ロシア、ウクライナはともに小麦、トウモロコシなどの主要生産国。ウクライナは「欧州の穀倉地帯」などと称されている。小麦に関しては、両国で世界全体の輸出の約3割を占める。「厳しい状況が長期化すると、これから作付けの時期に入る(春まき)小麦の収穫減につながる懸念もある」と前出の吉田コモディティアナリストは予測する。
さらにロシアはウクライナ東部のアゾフ海での商業船舶の航行を停止した模様だ。アゾフ海は黒海北部の内海。ウクライナのマリウポリ、ベルジャンシクなどの港湾都市がアゾフ海に面し、穀物や鉄鋼などの輸送には欠かせない拠点となっている。
フランスのメディアは「ウクライナの輸出品の2割が (アゾフ海)の2つの港を経由している」という専門家の見方を紹介。ウクライナ最大の港は黒海に面する南部のオデッサだが、それでもアゾフ海での輸送が滞れば、供給不安は一段と強まる。
米シカゴ商品取引所(CBOT)の小麦先物の価格は、こうした見方を反映して値上がり。取引で最も出来高が多い中心限月の5月物は、戦端が開かれた24日には1ブッシェル=8.8475ドルと2012年以来の水準へとハネ上がった。

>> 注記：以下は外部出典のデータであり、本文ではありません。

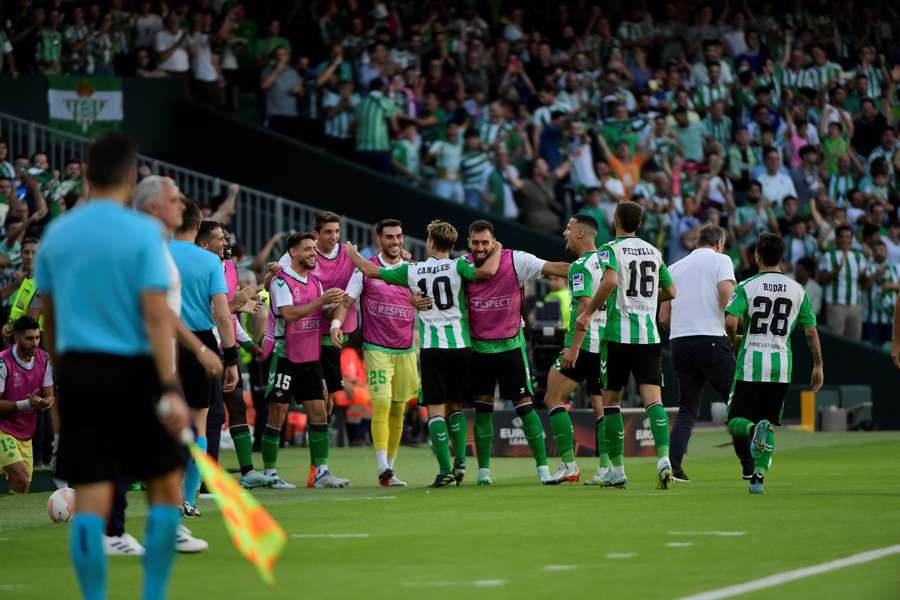 Canales celebra el primer tanto del Betis ante la Roma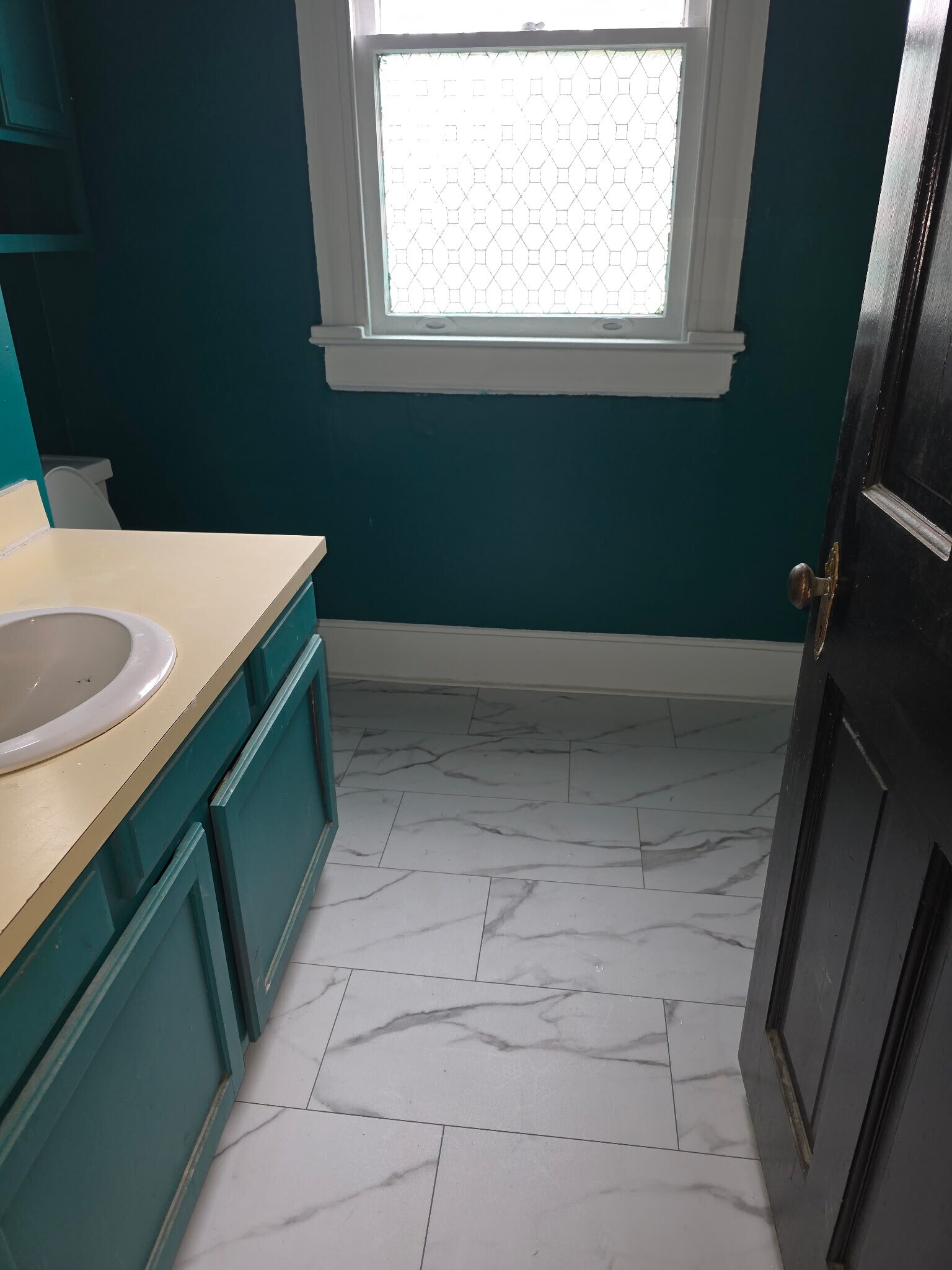bathroom - 114 S 5th Ave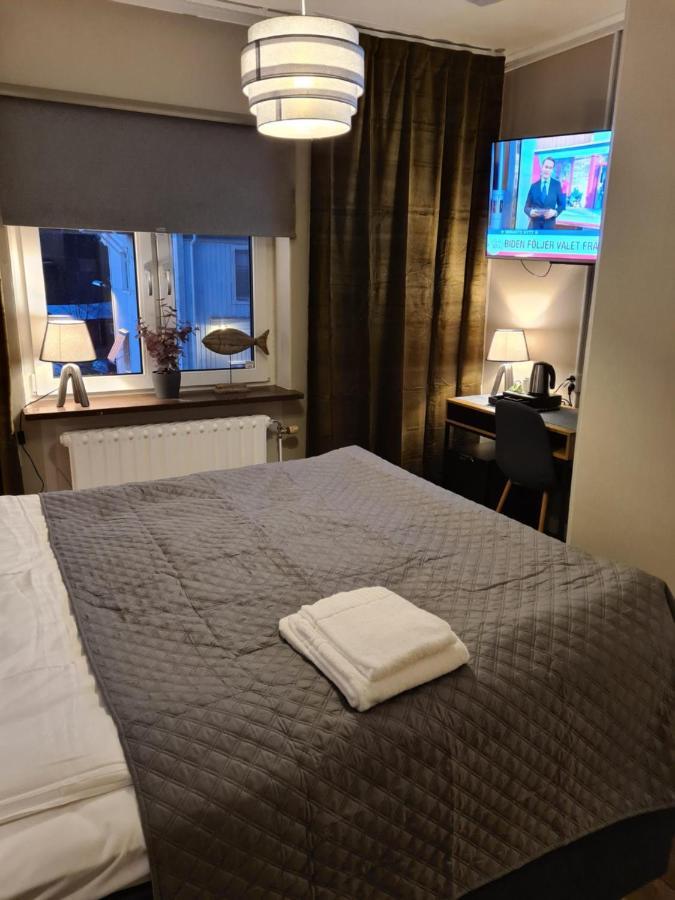 Dala-Jaerna Hotell Och Vandrarhem Buitenkant foto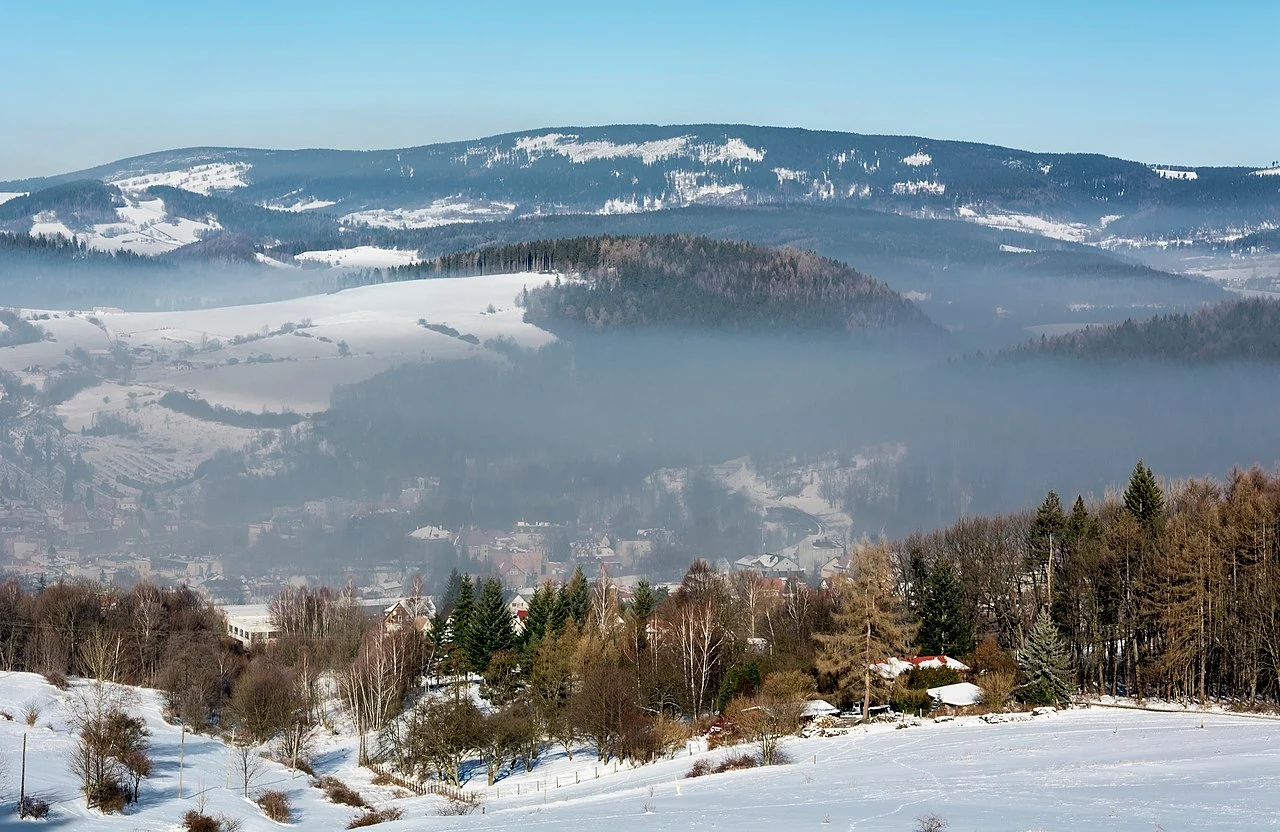 Smog nad Nową Rudą Smog nad Nową Rudą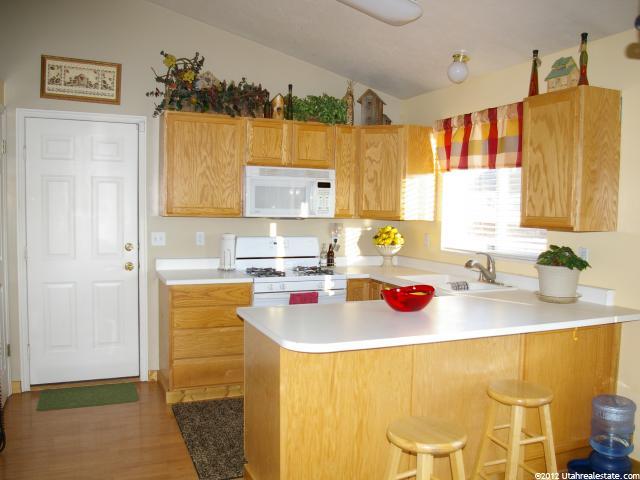 2903 W 2250 N, Clinton, UT 84015 — photo 4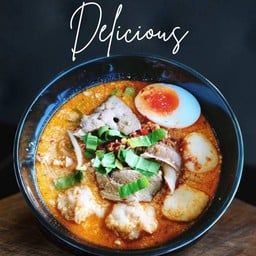 ก๋วยเตี๋ยวต้มยำไข่น้ำข้น ใบเพรา  เจ๊ติ๋ม ตรงข้าม diy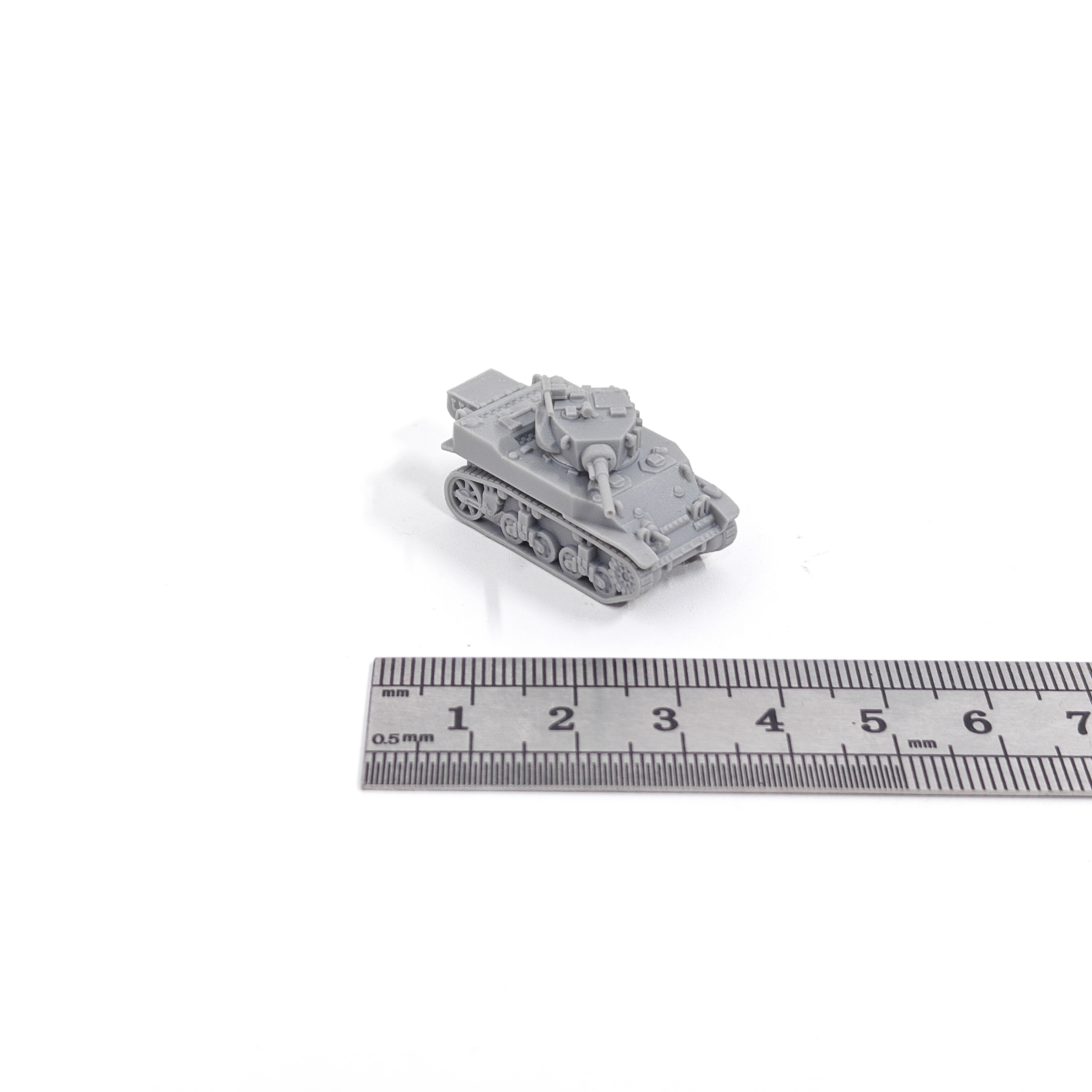 1/144 Scale  M5A1 Stuart Light - огляд і ціна Model Kit Revell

ロシアに生産を依存するアルミや希少金属のパラジウムなどにもウクライナ危機の影響は広がっている。
「問題なのは経済制裁が意味をなさなくなったこと」と語るのは、マーケットリスクアドバイザリーの新村直弘代表だ。「制裁はウクライナ侵攻を阻止することが目的だったはず」だと新村代表はその理由を語る。
ロシア軍はウクライナ東部だけでなく首都のキエフにもミサイル攻撃などを仕掛けている。これでは、EUや米国などが厳しい制裁をロシアに科しても、侵攻がますますエスカレートする可能性すら否定できない。
ロシアの最終的な狙いは同国のレッドライン(超えてはならない一線)とされるウクライナの北大西洋条約機構(NATO)への加盟断念や非武装中立を取り付けることなのか。それとも、ウクライナのゼレンスキー大統領を引きずり降ろし、親ロシア派のトップへのすげ替えも求めるのか。
先行きをめぐる不透明感が払しょくされるまで、コモディティが下落に転じるシナリオは想定し難い。原油、穀物、金属などの値上がりがコスト高となって企業に重くのしかかり、家計をも圧迫する状況が当面続きそうだ。